Carter was born in 1937 in Clifton, New Jersey and was no choir boy throughout his youth. He was sent to reform school as a youngster after stabbing a man, which Carter claimed self-defense, but later escaped and enlisted in the Army where he became a paratrooper. There he took up boxing, became a light-welterweight champion, and won 35 of 51 bouts by knockout and lost only five times.
The authorities finally found him, and Carter served 10 months in another reformatory. He later served four years in prison for assault and taking a woman’s purse. While in prison, Carter resumed boxing and after his 1961 prison release, he fought and won his first pro fight for $20.
“I was in my element now. Fighting was the pulse beat of my heart and I loved it,” wrote Carter in his autobiography.

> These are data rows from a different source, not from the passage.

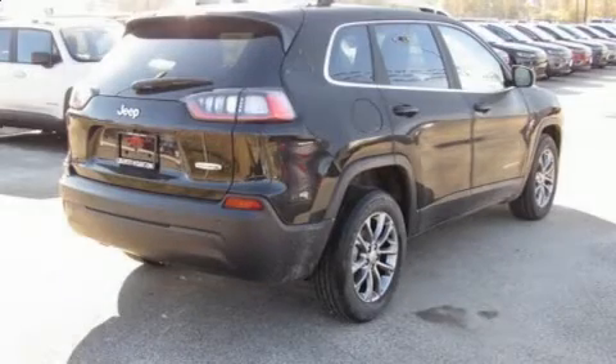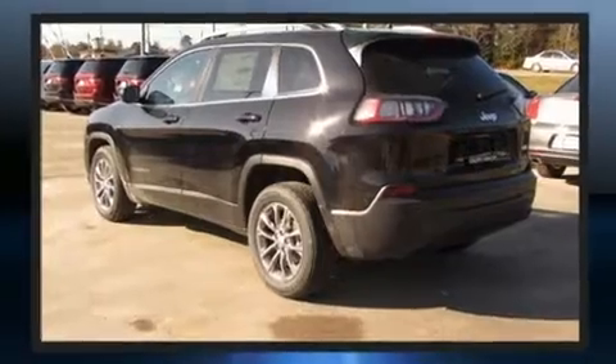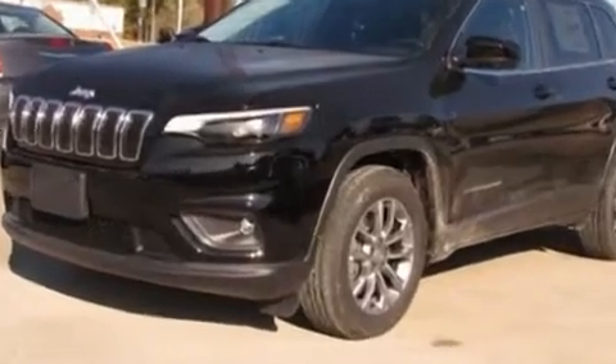Load your family into the 2020 Jeep Cherokee. Jeep infused the interior with top-shelf amenities such as delay off headlights, a rear window wiper, an outside temperature display, power door mirrors and heated door mirrors, remote keyless entry, a roof rack, and a split folding rear seat.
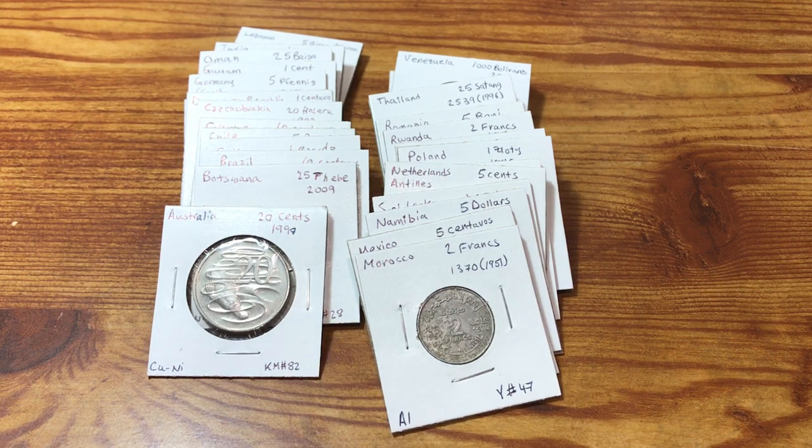Hey everyone, Coin Metalologist here, welcome back. If you don't know, I'm working on going through 120 pounds of world coins.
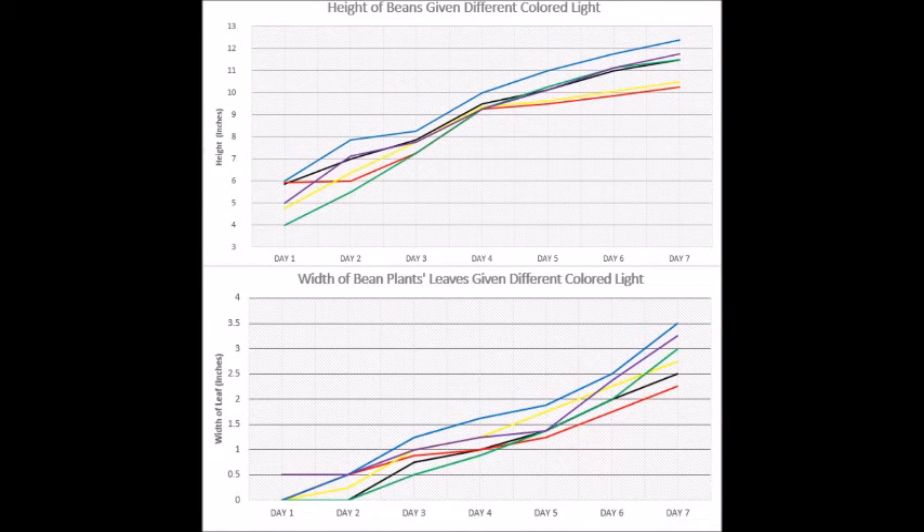I found that blue grew best in terms of height and leaf width, with purple coming in second, then green, clear, yellow, and finally red.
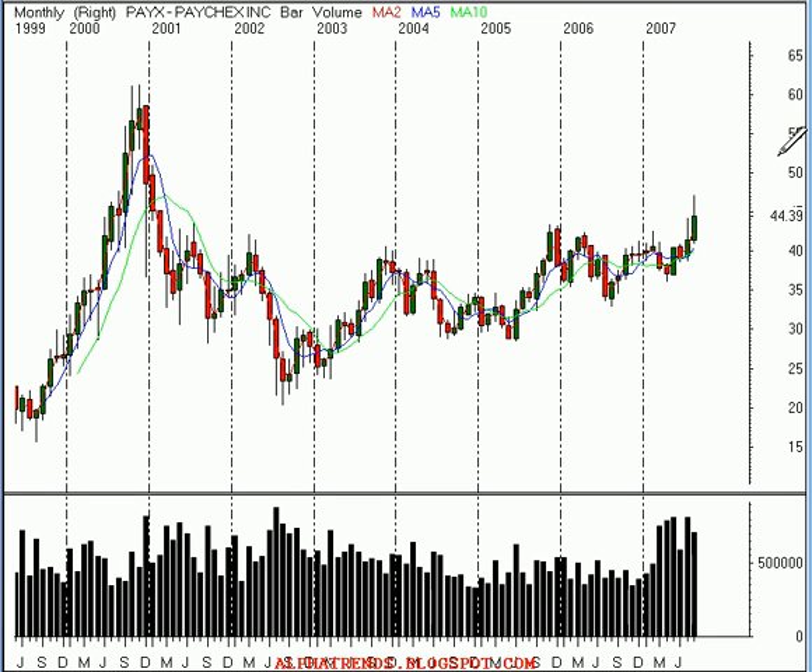Hello, this is Brian Shannon from Alphatrends Blogspot. Today is Wednesday, August 22, 2007. And on Wallstrip today, we're looking at shares of Paychex, symbol P-A-Y-X.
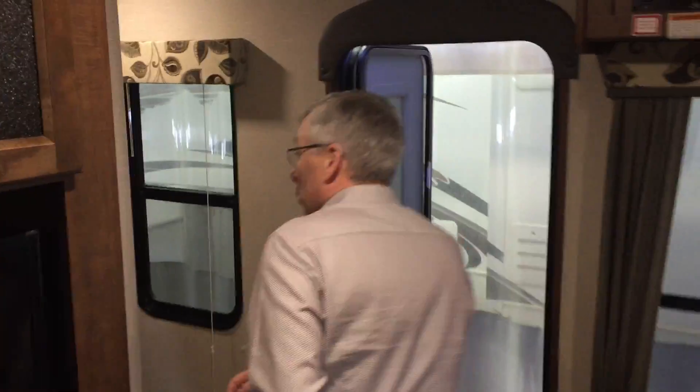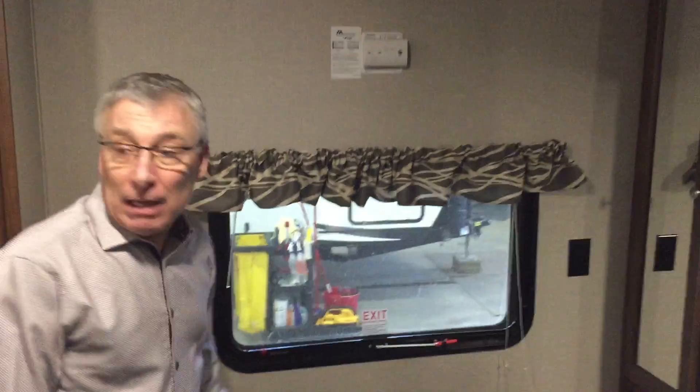Let's go up into the bedroom. Solid doors, closets, big windows for lots of light and lots of ventilation.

He won 13 of his first 21 fights by knockout with a devastating left hook. A promoter called him “Hurricane” after he knocked out then welterweight champion Emile Griffith in 1963, but he lost a close decision to reigning middleweight champ Joey Giardello a year later.
Two men and a woman were killed in a bar in 1966, and Carter and another Black man were arrested. Although both men passed lie detector tests, the two men were later charged and Carter was sentenced to 30 years to life.
He got a new trial in 1976 after the New Jersey Supreme Court overturned the conviction due to recantations by witnesses, but a second trial again ended with a conviction and Carter was sent back to prison. A U.S. District Court judge in 1985 overturned both convictions on constitutional grounds, and Carter relocated to Toronto.
He founded Innocence International in 2004 and consistently lectured about criminal justice inequities. During his final days in his losing battle with prostate cancer, Carter campaigned for David McCallum, a man in prison since 1985 on murder charges to “be granted a full hearing.”
Finally, all three men: Stone, Hudson and Carter were fighters in their respective fields, in their own right.